Top of DATA TO USE

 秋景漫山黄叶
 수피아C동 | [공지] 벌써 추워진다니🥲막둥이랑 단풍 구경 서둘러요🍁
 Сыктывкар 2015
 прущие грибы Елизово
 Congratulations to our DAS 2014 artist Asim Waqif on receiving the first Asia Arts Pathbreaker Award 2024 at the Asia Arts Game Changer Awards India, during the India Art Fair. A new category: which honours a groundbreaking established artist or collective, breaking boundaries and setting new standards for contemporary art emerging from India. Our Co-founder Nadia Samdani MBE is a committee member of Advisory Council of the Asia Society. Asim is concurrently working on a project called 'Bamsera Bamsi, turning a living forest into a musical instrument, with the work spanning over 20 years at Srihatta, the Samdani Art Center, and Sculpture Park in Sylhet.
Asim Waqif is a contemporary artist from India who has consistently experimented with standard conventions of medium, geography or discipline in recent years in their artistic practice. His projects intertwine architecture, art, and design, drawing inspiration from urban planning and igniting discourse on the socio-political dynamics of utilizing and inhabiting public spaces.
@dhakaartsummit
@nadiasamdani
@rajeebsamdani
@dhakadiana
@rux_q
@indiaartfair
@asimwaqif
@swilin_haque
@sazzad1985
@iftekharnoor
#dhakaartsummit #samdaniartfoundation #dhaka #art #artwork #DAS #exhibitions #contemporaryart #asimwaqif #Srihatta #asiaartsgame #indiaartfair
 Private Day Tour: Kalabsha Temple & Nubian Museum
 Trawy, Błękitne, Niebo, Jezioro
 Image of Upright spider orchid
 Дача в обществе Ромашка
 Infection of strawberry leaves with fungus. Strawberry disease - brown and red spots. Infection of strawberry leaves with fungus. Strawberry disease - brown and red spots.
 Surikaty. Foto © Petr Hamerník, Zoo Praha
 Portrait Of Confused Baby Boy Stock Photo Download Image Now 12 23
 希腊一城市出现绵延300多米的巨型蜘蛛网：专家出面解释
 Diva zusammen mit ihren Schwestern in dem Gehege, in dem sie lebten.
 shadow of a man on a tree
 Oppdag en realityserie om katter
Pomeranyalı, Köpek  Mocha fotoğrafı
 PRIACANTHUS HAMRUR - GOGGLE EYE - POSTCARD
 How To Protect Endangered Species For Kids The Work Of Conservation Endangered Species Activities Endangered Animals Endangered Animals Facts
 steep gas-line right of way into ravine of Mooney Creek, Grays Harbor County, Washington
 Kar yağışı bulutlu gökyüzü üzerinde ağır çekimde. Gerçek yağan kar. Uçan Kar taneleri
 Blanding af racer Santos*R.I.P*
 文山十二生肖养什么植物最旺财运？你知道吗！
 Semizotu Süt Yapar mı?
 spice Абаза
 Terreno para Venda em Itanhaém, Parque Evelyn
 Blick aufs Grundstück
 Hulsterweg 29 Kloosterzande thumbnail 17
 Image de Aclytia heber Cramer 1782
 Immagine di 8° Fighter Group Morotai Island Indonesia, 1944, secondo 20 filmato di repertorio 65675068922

Bottom of DATA TO USE

## WHAT YOU HAVE TO DO
Extract from the listing above the lines between the line containing "Diva zusammen mit" and the line containing "spice Абаза", keeping both of those lines. Output nothing else.

## EXERCISE ANSWER
 Diva zusammen mit ihren Schwestern in dem Gehege, in dem sie lebten.
 shadow of a man on a tree
 Oppdag en realityserie om katter
Pomeranyalı, Köpek  Mocha fotoğrafı
 PRIACANTHUS HAMRUR - GOGGLE EYE - POSTCARD
 How To Protect Endangered Species For Kids The Work Of Conservation Endangered Species Activities Endangered Animals Endangered Animals Facts
 steep gas-line right of way into ravine of Mooney Creek, Grays Harbor County, Washington
 Kar yağışı bulutlu gökyüzü üzerinde ağır çekimde. Gerçek yağan kar. Uçan Kar taneleri
 Blanding af racer Santos*R.I.P*
 文山十二生肖养什么植物最旺财运？你知道吗！
 Semizotu Süt Yapar mı?
 spice Абаза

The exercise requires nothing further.